§ Task details:
Except for the pictures, retype the records that follow exactly.

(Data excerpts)
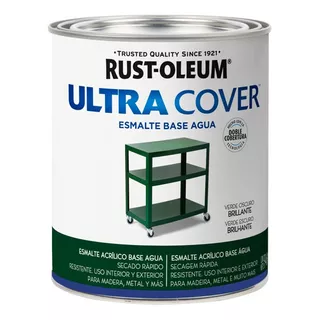 Esmalte Al Agua Ultra Cover Brochable 0,946 Litro Rust Oleum Color Verde Oscuro Brillante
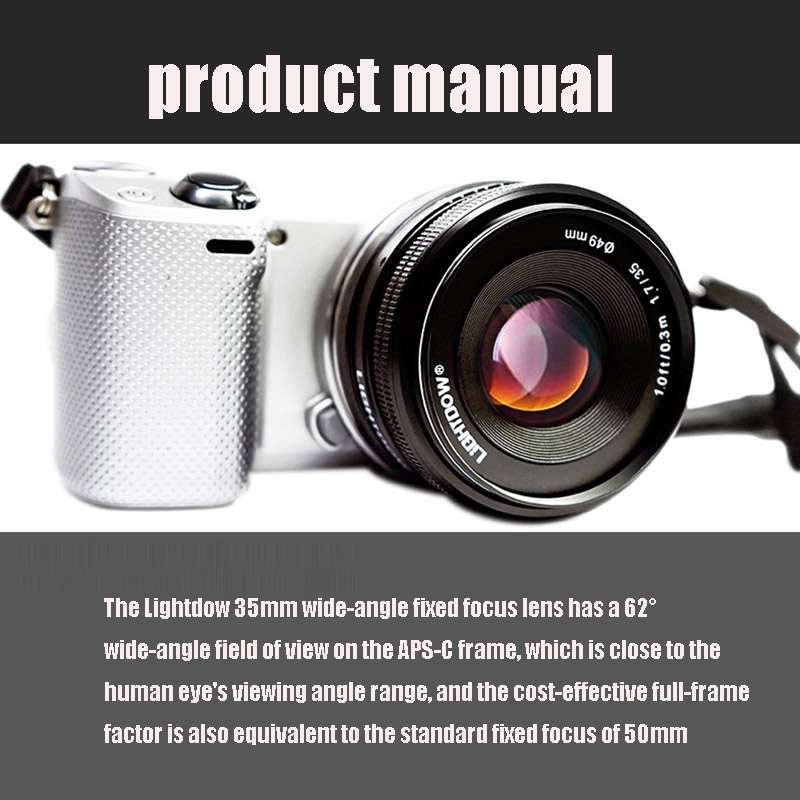 LIGHTDOW 35mm F1.7 E-Mount Manual Fixed Focus Lens for Sony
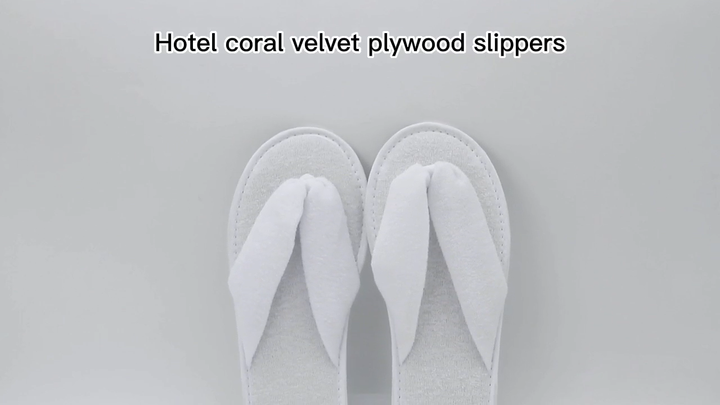 Luxury Hotel Bedroom Coral Fleece Slipper Disposable 100% Cotton White  Coral Fleece Flip Flops for Hotel and SPA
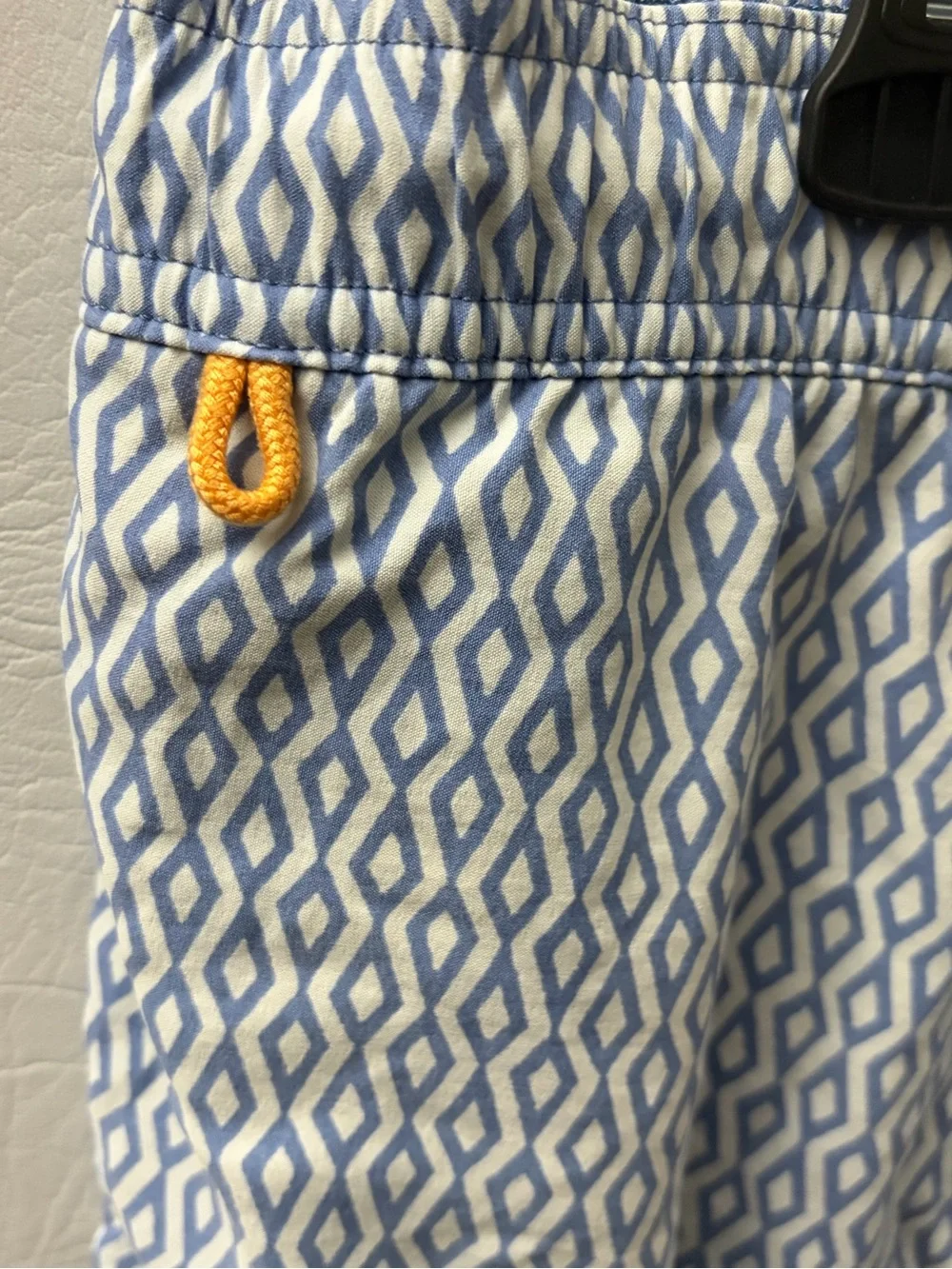 J Crew Men's Light Blue Geometric Swim Shorts with Yellow Drawstring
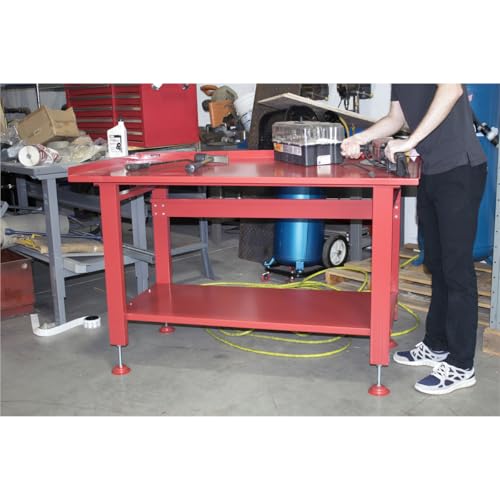 K Tool International 75111 60" x 34" Heavy Duty Work Table for Garages, Repair Shops and DIY, 1200 lb., 31" Height, Raised Edges, Bottom Shelf, Leveling Feet, 13 Gauge Steel, Powder Coated Finish, Red by K Tool International - Used condition - Image 5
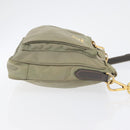 PRADA Shoulder Bag Nylon Leather Beige Gold Auth fm5136-3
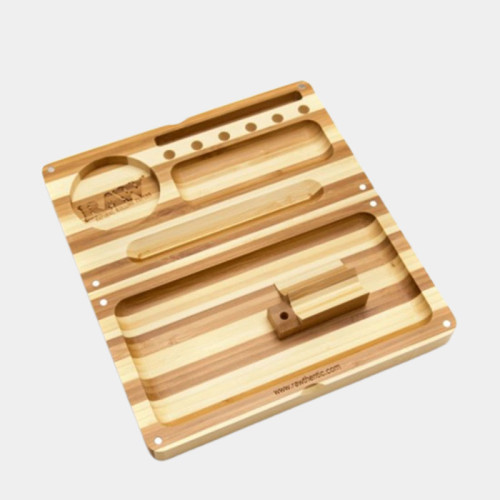 RAW WOOD BACKFLIP MAGNETIC BAMBOO ROLLING TRAY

§ Task response:
 Esmalte Al Agua Ultra Cover Brochable 0,946 Litro Rust Oleum Color Verde Oscuro Brillante
 LIGHTDOW 35mm F1.7 E-Mount Manual Fixed Focus Lens for Sony
 Luxury Hotel Bedroom Coral Fleece Slipper Disposable 100% Cotton White  Coral Fleece Flip Flops for Hotel and SPA
 J Crew Men's Light Blue Geometric Swim Shorts with Yellow Drawstring
 K Tool International 75111 60" x 34" Heavy Duty Work Table for Garages, Repair Shops and DIY, 1200 lb., 31" Height, Raised Edges, Bottom Shelf, Leveling Feet, 13 Gauge Steel, Powder Coated Finish, Red by K Tool International - Used condition - Image 5
 PRADA Shoulder Bag Nylon Leather Beige Gold Auth fm5136-3
 RAW WOOD BACKFLIP MAGNETIC BAMBOO ROLLING TRAY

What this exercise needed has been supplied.